Acknowledgments: This blog was written by Fehmina Merchant, Sivakumar Anne, and Aleksandr Petrov. Special thanks to John J. Thomas and Allen Kliethermes for their valuable inputs.
(Note: Data Science Experience (DSX) is now Watson Studio. Although the name has changed and some images may show the previous name, the steps and processes in this post will still work.)
Machine learning is all about building algorithms and models that can learn from data to be able to make accurate predictions. By incorporating machine learning technology, organizations can create intelligent applications that help avoid risks, identify opportunities, and make more insightful, data-driven decisions.

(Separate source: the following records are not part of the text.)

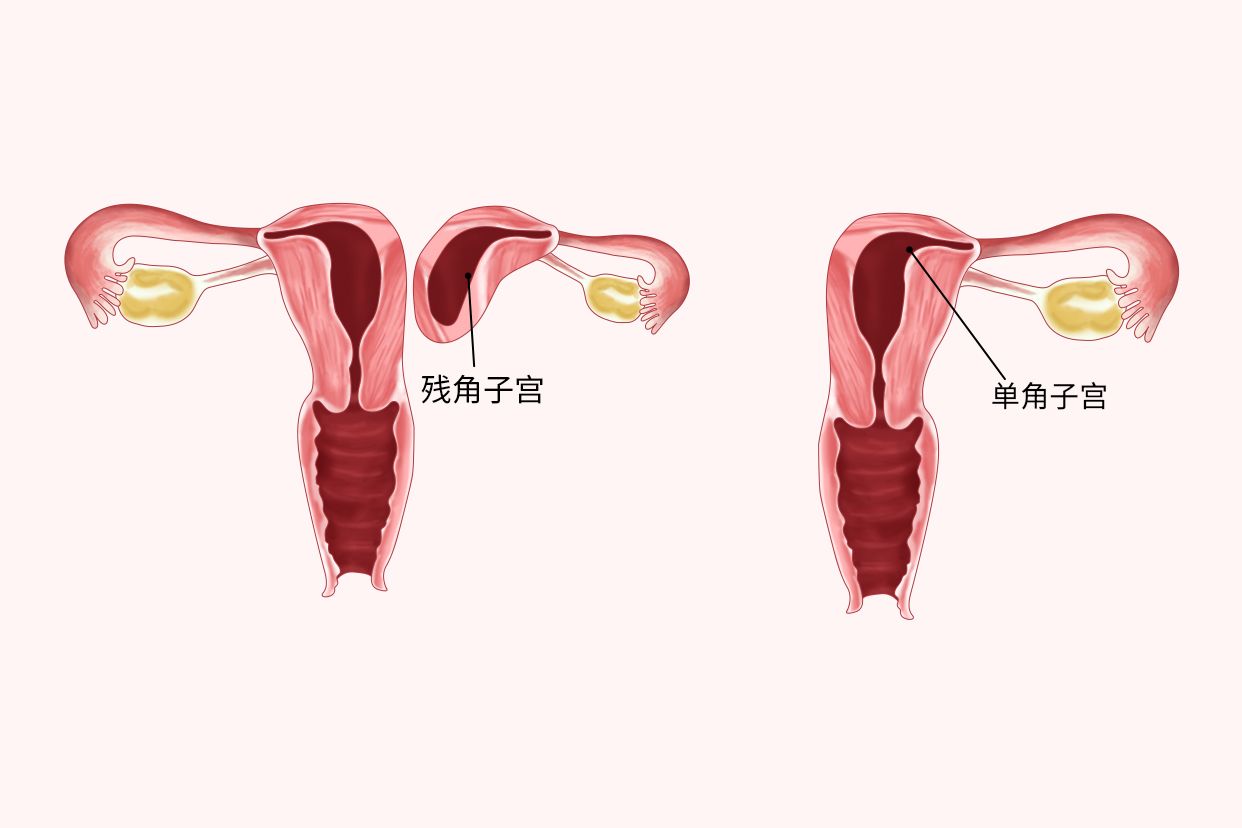 子宫畸形图片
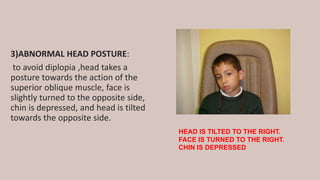 3)ABNORMAL HEAD POSTURE:
to avoid diplopia ,head takes a
posture towards the action of the
superior oblique muscle, face is
slightly turned to the opposite side,
chin is depressed, and head is tilted
towards the opposite side.
HEAD IS TILTED TO THE RIGHT.
FACE IS TURNED TO THE RIGHT.
CHIN IS DEPRESSED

Machine learning is being leveraged today in a variety of use cases across various industries and it is opening up even greater opportunities for organizations as they amass more and more data. But one of the challenges companies are facing is the shortage of talent – we simply don’t have enough skilled people around with experience in working with complex machine learning algorithms and models. IBM wants to democratize and simplify machine learning and make it more accessible to a wider audience. With the new Watson Machine Learning GUI (coming soon) within IBM Data Science Experience, individuals at all skill levels will be able to leverage machine learning technology.
In this blog post, we want to give you a “glimpse” into how easy it is to work with the upcoming Watson Machine Learning GUI within IBM Data Science Experience. With this new wizard-based graphical user interface, we can build machine learning pipelines in no time without having to know complex machine learning algorithms and without writing a single line of code! Let’s see how it works in the context of a retail use case.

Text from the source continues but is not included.